Cronaca

Caso Bianchi, i documenti verranno archiviati e nulla sarà mai esistito

L’ARRESTO DI MARIO MANTOVANI, il braccio destro di Silvio Berlusconi in Forza Italia, ha trascinato con sé tanti arresti. Tra gli ammanettati di questa inchiesta giudiziaria, intitolata Entourage, c’era un cittadino residente a Melegnano, un cittadino uguale a voi. Anzi, un po’ più uguale di voi. È legato alla corrente politica di Mario Mantovani e conosciuto agli ambienti locali di Forza Italia, oggi al governo di Melegnano. È l’ingegnere dell’ufficio tecnico Lombardia I del provveditorato alle opere pubbliche, Angelo Bianchi. Su Angelo Bianchi (in veste di responsabile pro-tempore della segreteria tecnica generale, di capo ufficio tecnico vicario e responsabile dell’edilizia scolastica) la magistratura ha fatto indagini e «attività investigative di captazione di conversazioni telefoniche» durante il procedimento penale 51357/11 aperto dal tribunale di Milano. Secondo gli investigatori, dalle conversazioni emerge «un rapporto esistente tra lui e Mantovani». Rapporto che passerà sotto processo dall’8 giugno in poi.

FATTI
Da Mantovani dipendeva la sorte politica di Melegnano. Le forze politiche di maggioranza sono talmente intrise di mantovanismo e schierate nella corrente mantovaniana che il sindaco Vito Bellomo e il presidente del consiglio comunale Pier Antonio Rossetti, entrambi avvocati, erano membri del sodalizio creato da Mario Mantovani per assicurare la tenuta di Forza Italia nel Sud Est Milano; il primo ha calcato le orme di Mantovani nella sanità privata locale, insediandosi nel consiglio d’amministrazione della Casa di Riposo Fondazione Castellini trattenendo per sé la carica di vicepresidente. Il secondo ha preso posto dal 2012 al 2015 come vicepresidente del consiglio d’amministrazione di Ferrovienord Spa, società del Gruppo FNM; il Gruppo FNM lavora nei trasporti ferroviari, secondo operatore ferroviario in Italia; ha Regione Lombardia come maggiore azionista, con quota 57%.

DOMANDE
E le sorti politiche di Melegnano prevedevano che Angelo Bianchi ricevesse incarichi di lavoro in questo comune? Domanda che lasciamo risolvere ai lettori. L’ingegnere Angelo Bianchi ha avuto un precedente giudiziario in Valtellina nel 2008-2009 per una presunta tangente da 20mila euro; da poco il precedente è passato in prescrizione.

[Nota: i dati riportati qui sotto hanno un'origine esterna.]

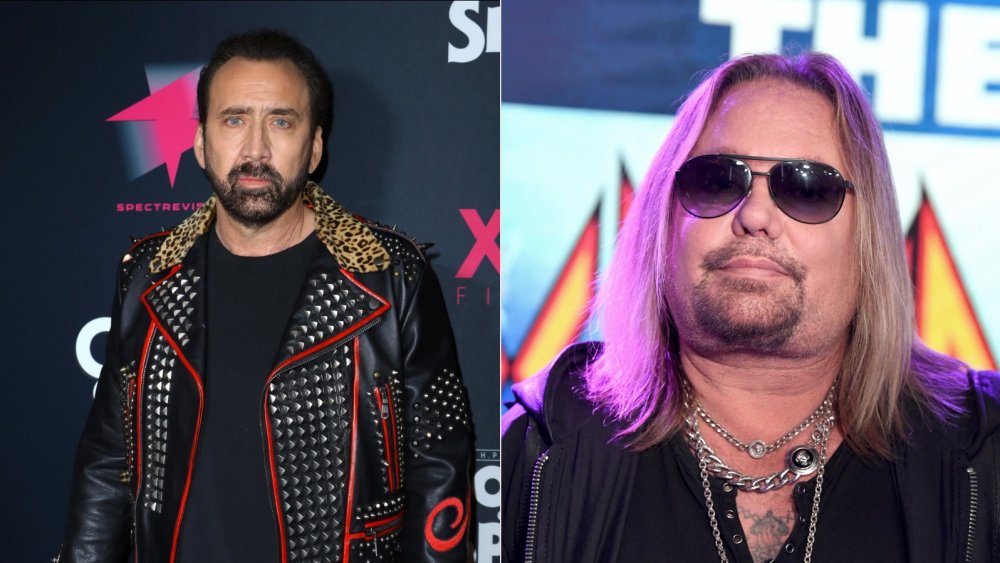 Nicolas Cage Vince Neil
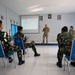 Law enforcement members secure bonds during Cope West 24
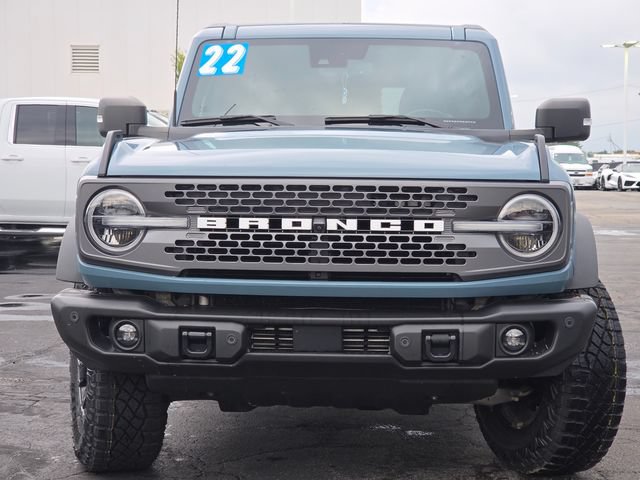 Used 2022 Ford Bronco Badlands AWD/4WD image 12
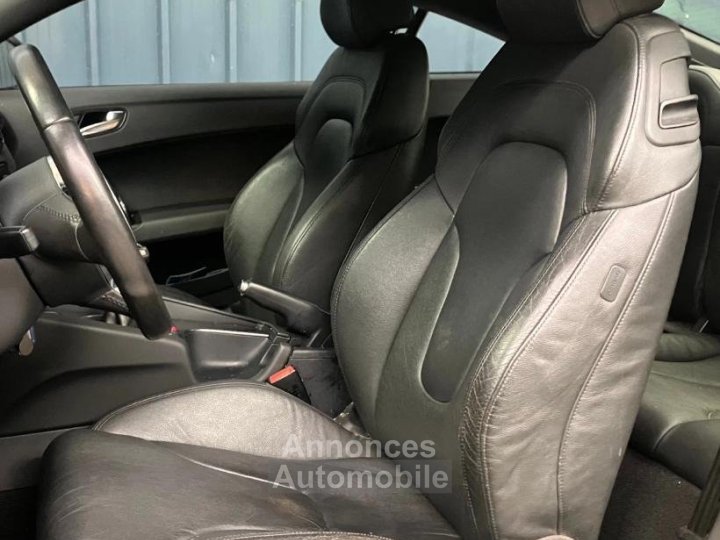 Audi TT S-LINE - Garantie 1 an - Int&eacute;rieur cuir - Radar de recul - 6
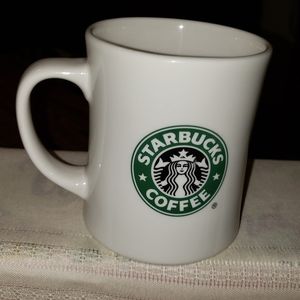 Starbucks 2008 Pike Place Original Brown Double Tail Mermaid Dual Logo 16 ounce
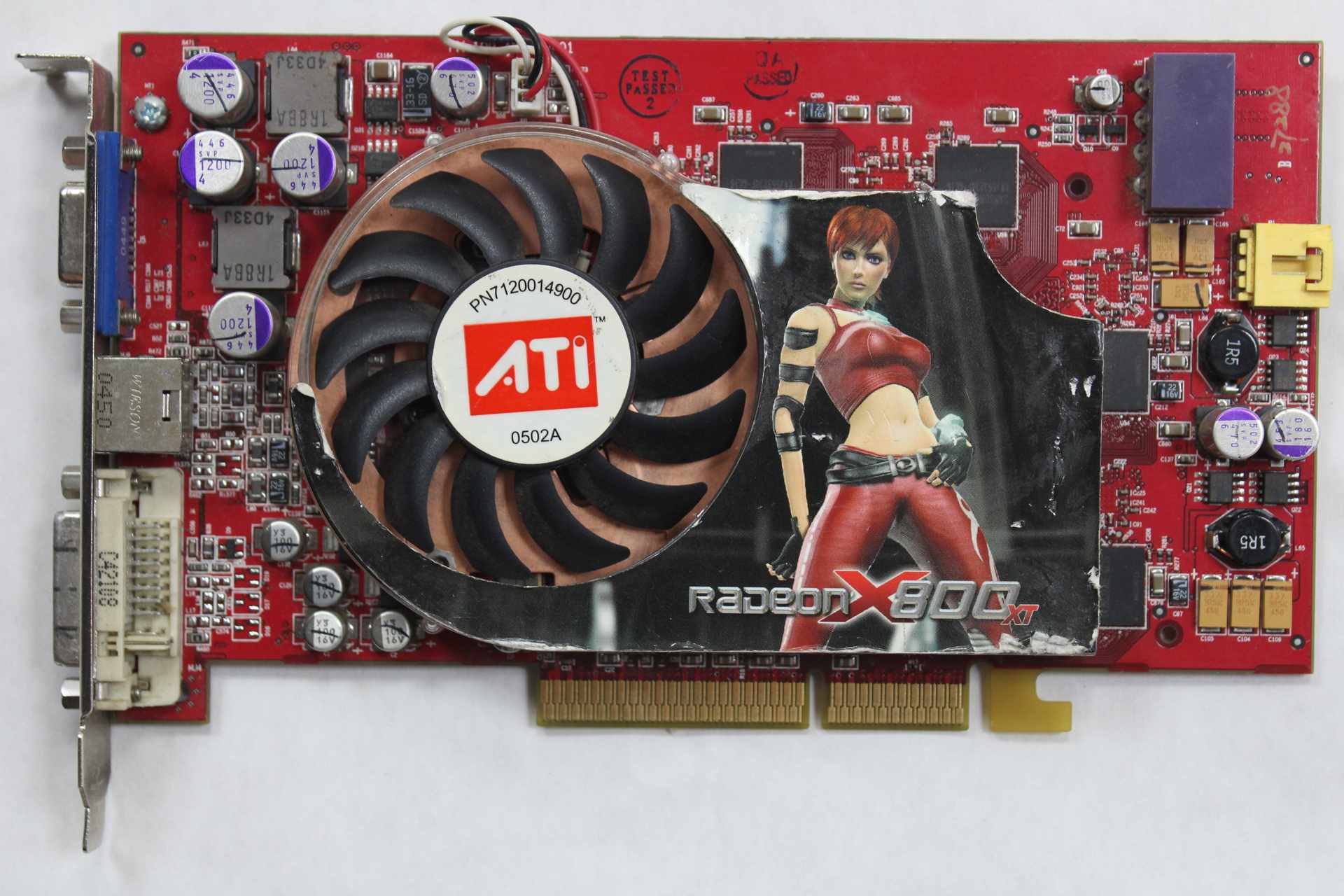 ATI Radeon X800 XT Platinum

Ma in quel periodo Angelo Bianchi ha ricevuto incarichi di lavoro come consulente del comune Melegnano: prima nella casa di riposo Castellini, poi nel finanziamento di progetto per la ristrutturazione del cimitero comunale sulla via Cerca Vecchia. Non manca un intervento di Bianchi, per conto del provveditorato, durante un’operazione di ristrutturazione della scuola di via Cadorna.

L’arresto dell’ingegnere Angelo Bianchi ha prodotto l’avvio di un’inchiesta amministrativa in consiglio comunale, riguardante la regolarità degli atti ufficiali di assegnazione dell’incarico cimiteriale a Bianchi. L’inchiesta amministrativa ha prodotto una Relazione contenente molteplici aspetti non a norma dell’assegnazione dell’incarico cimiteriale a Bianchi: ma lunedì 11 aprile il consiglio comunale di maggioranza, composto da Forza Italia e Fratelli d’Italia, ha votato contro la presa d’atto della Relazione, ritenendo che sia un documento «non condivisibile» e «demagogico» e prodotto dalle sole opposizioni. Anzi, la maggioranza fa intendere che sarà archiviato, il documento. Ultimo sussulto dell’entourage in difesa di uno dei suoi uomini?